===== Study material =====
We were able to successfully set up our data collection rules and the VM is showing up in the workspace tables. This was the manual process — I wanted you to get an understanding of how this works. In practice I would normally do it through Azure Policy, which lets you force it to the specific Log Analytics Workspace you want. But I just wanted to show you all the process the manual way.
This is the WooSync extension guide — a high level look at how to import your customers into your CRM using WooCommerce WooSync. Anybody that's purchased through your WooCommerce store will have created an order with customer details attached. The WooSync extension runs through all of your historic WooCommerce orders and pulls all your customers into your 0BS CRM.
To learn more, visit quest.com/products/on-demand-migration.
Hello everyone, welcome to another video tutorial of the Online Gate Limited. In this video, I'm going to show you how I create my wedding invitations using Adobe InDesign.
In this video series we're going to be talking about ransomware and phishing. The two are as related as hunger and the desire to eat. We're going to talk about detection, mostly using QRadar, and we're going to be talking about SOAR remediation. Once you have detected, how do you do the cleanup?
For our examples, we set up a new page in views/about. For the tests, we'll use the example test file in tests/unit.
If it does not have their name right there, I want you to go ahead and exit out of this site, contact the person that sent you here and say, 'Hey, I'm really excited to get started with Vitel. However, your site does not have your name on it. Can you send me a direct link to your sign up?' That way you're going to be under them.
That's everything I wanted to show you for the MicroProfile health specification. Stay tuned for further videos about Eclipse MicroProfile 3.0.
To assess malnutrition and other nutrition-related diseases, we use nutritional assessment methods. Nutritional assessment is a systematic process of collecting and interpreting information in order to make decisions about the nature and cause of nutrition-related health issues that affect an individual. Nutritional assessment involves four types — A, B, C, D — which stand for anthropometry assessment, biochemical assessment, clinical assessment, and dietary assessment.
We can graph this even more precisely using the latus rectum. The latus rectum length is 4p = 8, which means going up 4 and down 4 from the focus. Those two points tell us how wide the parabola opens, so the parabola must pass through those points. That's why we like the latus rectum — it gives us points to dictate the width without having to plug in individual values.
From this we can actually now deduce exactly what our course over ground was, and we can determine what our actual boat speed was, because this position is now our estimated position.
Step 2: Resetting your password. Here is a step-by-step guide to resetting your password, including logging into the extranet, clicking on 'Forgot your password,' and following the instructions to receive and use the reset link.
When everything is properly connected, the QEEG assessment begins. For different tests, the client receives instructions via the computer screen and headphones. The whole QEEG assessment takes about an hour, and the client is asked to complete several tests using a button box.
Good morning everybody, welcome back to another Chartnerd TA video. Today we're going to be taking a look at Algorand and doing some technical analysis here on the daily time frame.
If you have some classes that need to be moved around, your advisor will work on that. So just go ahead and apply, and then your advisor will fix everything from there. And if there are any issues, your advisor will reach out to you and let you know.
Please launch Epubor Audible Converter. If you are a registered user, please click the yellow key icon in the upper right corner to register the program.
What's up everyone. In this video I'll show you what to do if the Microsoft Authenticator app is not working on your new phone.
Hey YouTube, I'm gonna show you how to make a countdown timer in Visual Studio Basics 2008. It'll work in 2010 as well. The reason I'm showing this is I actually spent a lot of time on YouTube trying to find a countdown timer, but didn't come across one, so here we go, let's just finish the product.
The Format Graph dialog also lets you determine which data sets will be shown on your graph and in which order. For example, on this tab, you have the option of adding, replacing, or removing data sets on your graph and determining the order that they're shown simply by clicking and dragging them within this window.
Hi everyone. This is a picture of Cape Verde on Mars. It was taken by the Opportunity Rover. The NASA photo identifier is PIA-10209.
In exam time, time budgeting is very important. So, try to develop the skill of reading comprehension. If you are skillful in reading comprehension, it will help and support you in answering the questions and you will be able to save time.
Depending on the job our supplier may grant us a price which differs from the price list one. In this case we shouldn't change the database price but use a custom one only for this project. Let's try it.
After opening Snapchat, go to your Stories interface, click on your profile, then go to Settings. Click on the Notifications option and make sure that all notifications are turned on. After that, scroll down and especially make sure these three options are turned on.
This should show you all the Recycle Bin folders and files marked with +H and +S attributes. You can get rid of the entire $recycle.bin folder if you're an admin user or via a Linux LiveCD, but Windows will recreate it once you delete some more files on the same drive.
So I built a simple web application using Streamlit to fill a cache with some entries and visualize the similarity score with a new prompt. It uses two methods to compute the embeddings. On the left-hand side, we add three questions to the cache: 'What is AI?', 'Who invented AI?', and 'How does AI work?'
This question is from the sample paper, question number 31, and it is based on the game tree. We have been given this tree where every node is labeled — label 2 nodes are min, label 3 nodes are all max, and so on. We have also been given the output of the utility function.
=====
## What the task requires
Reply with the lines from the first line of the entries through the line that contains "That's everything I", repeated exactly with both ends kept, and with nothing else.

## Solution for this task
We were able to successfully set up our data collection rules and the VM is showing up in the workspace tables. This was the manual process — I wanted you to get an understanding of how this works. In practice I would normally do it through Azure Policy, which lets you force it to the specific Log Analytics Workspace you want. But I just wanted to show you all the process the manual way.
This is the WooSync extension guide — a high level look at how to import your customers into your CRM using WooCommerce WooSync. Anybody that's purchased through your WooCommerce store will have created an order with customer details attached. The WooSync extension runs through all of your historic WooCommerce orders and pulls all your customers into your 0BS CRM.
To learn more, visit quest.com/products/on-demand-migration.
Hello everyone, welcome to another video tutorial of the Online Gate Limited. In this video, I'm going to show you how I create my wedding invitations using Adobe InDesign.
In this video series we're going to be talking about ransomware and phishing. The two are as related as hunger and the desire to eat. We're going to talk about detection, mostly using QRadar, and we're going to be talking about SOAR remediation. Once you have detected, how do you do the cleanup?
For our examples, we set up a new page in views/about. For the tests, we'll use the example test file in tests/unit.
If it does not have their name right there, I want you to go ahead and exit out of this site, contact the person that sent you here and say, 'Hey, I'm really excited to get started with Vitel. However, your site does not have your name on it. Can you send me a direct link to your sign up?' That way you're going to be under them.
That's everything I wanted to show you for the MicroProfile health specification. Stay tuned for further videos about Eclipse MicroProfile 3.0.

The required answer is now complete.